• Work task: Starting with the line that has "Brahma Bauer mit" in the records below and stopping after the line that has "Girls 2pcs Long", output every line exactly and nothing else; skip pictures.

• Data for processing:
● ● ● ● ●
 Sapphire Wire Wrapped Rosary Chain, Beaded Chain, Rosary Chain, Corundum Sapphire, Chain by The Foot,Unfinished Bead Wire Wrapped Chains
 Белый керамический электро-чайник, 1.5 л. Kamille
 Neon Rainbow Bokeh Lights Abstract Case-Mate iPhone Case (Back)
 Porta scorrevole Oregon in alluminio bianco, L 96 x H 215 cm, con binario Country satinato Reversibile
● ● ● ● ●
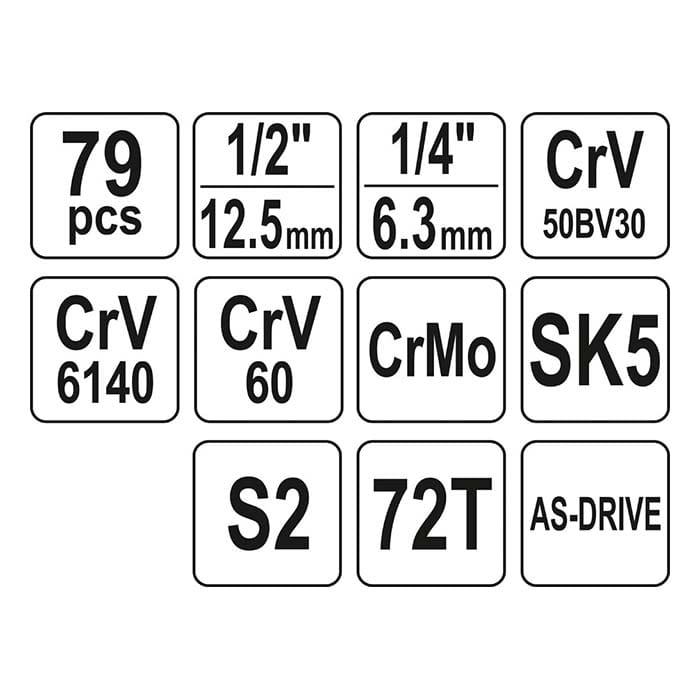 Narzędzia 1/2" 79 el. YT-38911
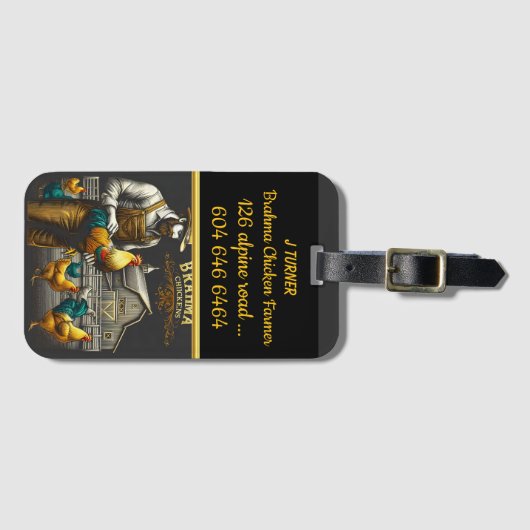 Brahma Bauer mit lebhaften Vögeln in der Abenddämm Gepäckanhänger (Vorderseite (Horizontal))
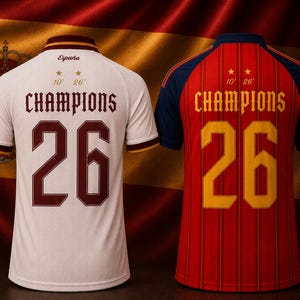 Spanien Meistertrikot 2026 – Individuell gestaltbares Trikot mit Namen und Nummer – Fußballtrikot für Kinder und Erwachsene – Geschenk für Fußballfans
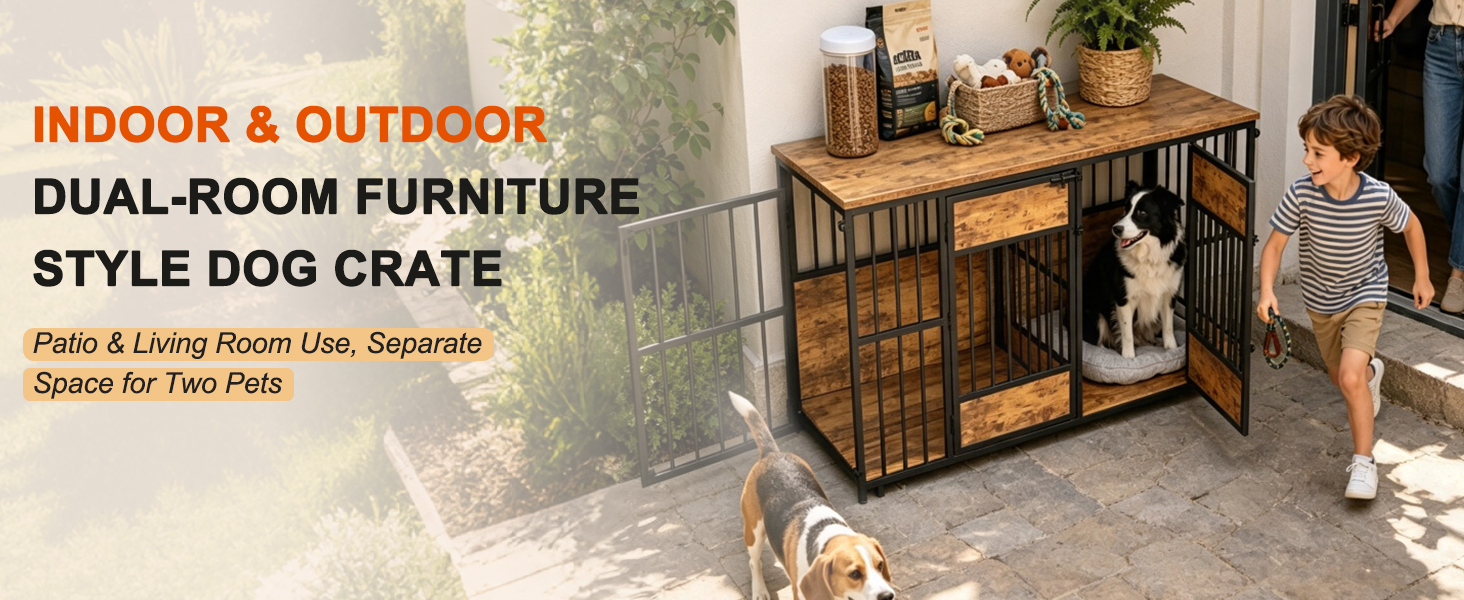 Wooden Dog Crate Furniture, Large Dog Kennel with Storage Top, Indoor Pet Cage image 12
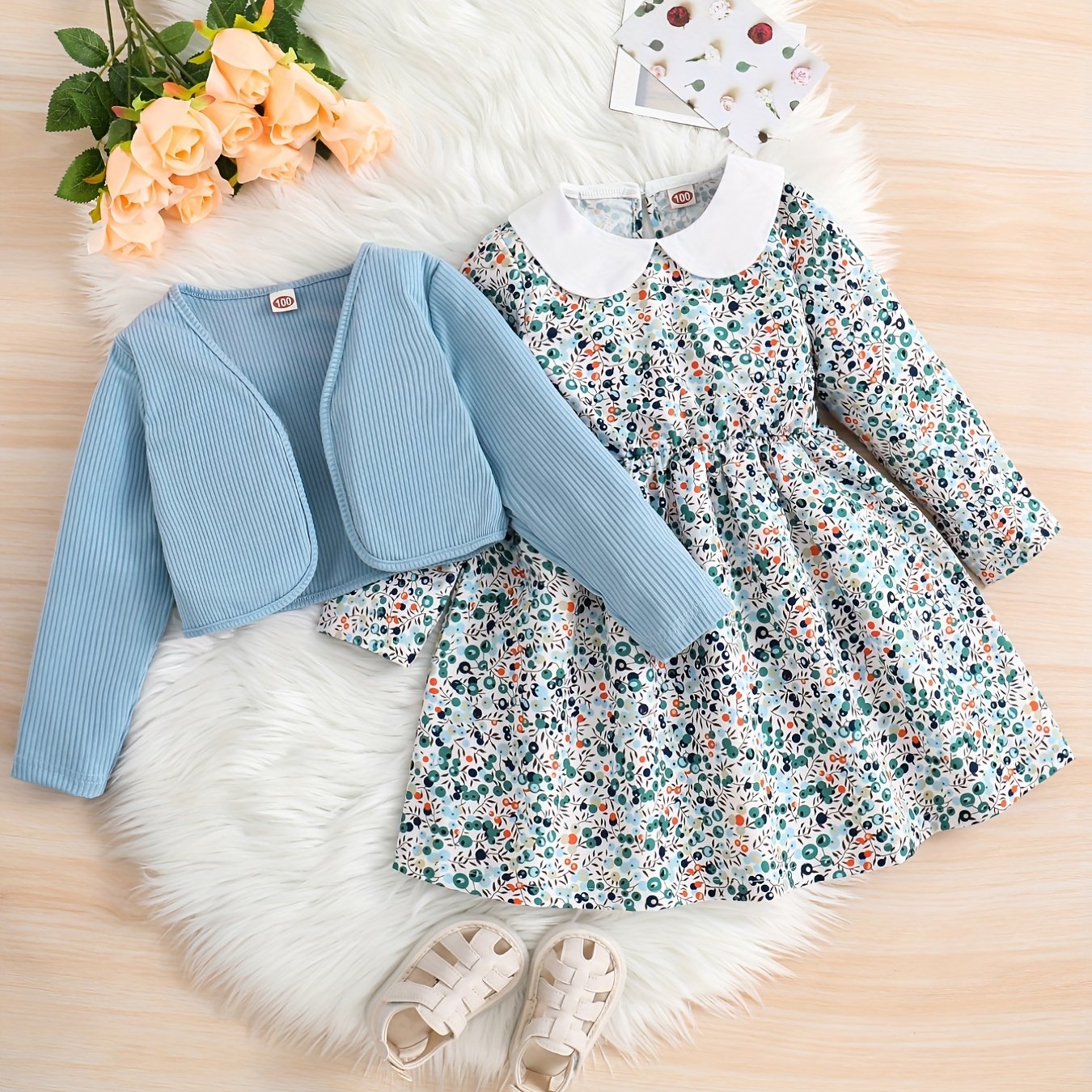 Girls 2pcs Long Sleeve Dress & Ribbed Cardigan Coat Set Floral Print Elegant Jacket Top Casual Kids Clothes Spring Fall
● ● ● ● ●
• Completed exercise:
 Brahma Bauer mit lebhaften Vögeln in der Abenddämm Gepäckanhänger (Vorderseite (Horizontal))
 Spanien Meistertrikot 2026 – Individuell gestaltbares Trikot mit Namen und Nummer – Fußballtrikot für Kinder und Erwachsene – Geschenk für Fußballfans
 Wooden Dog Crate Furniture, Large Dog Kennel with Storage Top, Indoor Pet Cage image 12
 Girls 2pcs Long Sleeve Dress & Ribbed Cardigan Coat Set Floral Print Elegant Jacket Top Casual Kids Clothes Spring Fall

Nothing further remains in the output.